• **What is required**
Copy the listing below exactly, but skip the pictures.

== Information shown

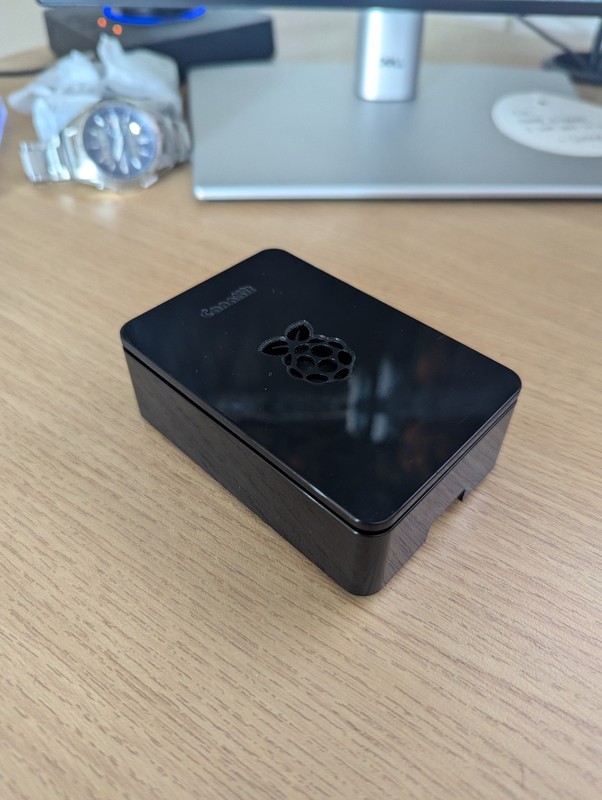 Canakit Premium Black Case With Active Cooling (Raspberry Pi 4B)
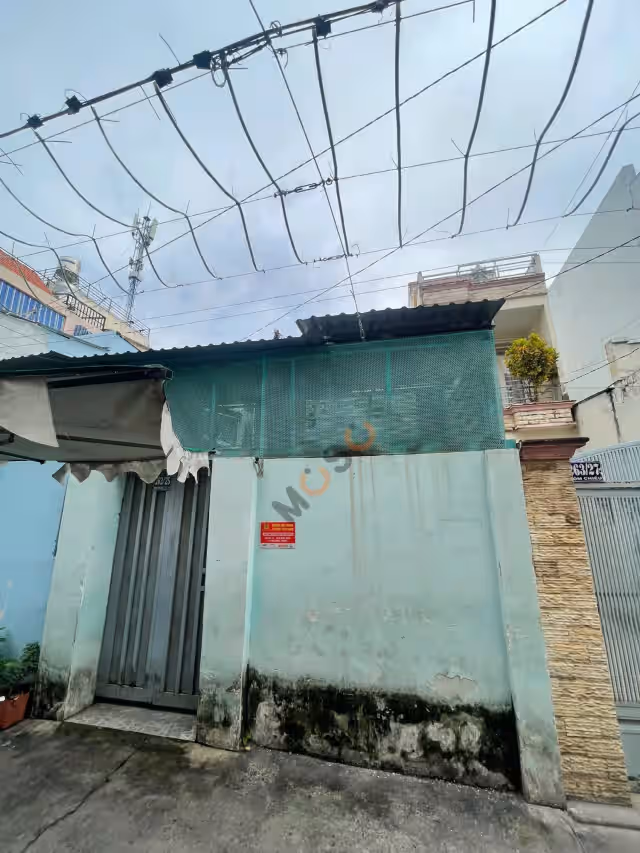 Bán nhà hẻm Xóm Chiếu Quận 4, TP.HCM – 3 phòng ngủ, giá 10.8 tỷ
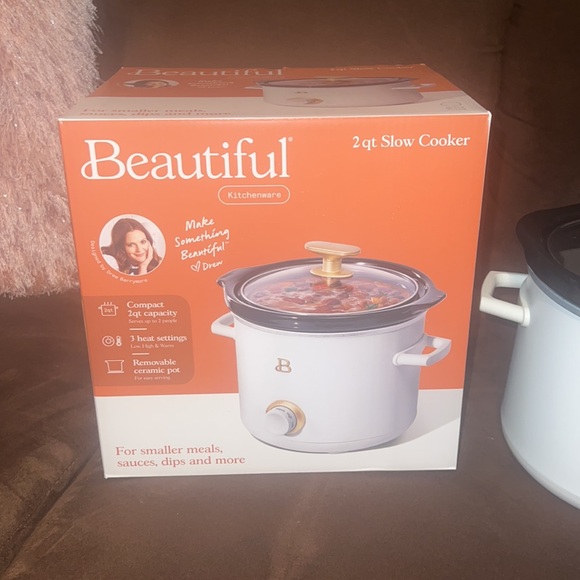 Beautiful by drew Barrymore kitchenware 2 quart slow cooker - Picture 3 of 5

====

• **Response for this exercise**
 Canakit Premium Black Case With Active Cooling (Raspberry Pi 4B)
 Bán nhà hẻm Xóm Chiếu Quận 4, TP.HCM – 3 phòng ngủ, giá 10.8 tỷ
 Beautiful by drew Barrymore kitchenware 2 quart slow cooker - Picture 3 of 5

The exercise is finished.